*** Material supplied ***
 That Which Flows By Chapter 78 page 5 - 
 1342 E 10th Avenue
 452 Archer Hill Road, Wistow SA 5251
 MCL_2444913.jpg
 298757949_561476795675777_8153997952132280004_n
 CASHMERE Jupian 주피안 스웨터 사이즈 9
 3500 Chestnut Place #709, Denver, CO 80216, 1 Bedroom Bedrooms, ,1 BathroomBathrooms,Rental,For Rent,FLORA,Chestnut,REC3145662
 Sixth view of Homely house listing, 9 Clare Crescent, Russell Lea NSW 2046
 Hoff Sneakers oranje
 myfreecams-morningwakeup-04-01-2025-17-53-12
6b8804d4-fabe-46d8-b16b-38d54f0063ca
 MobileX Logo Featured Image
*** End of Material supplied ***
*** Material supplied ***
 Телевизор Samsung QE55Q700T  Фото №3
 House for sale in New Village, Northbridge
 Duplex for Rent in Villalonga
*** End of Material supplied ***
> [Assignment]
From the entries above, write out only the lines starting at the line that holds "Hoff Sneakers oranje" and ending at the line that holds "MobileX Logo Featured Image", keeping both and matching them exactly.

> [Task answer]
 Hoff Sneakers oranje
 myfreecams-morningwakeup-04-01-2025-17-53-12
6b8804d4-fabe-46d8-b16b-38d54f0063ca
 MobileX Logo Featured Image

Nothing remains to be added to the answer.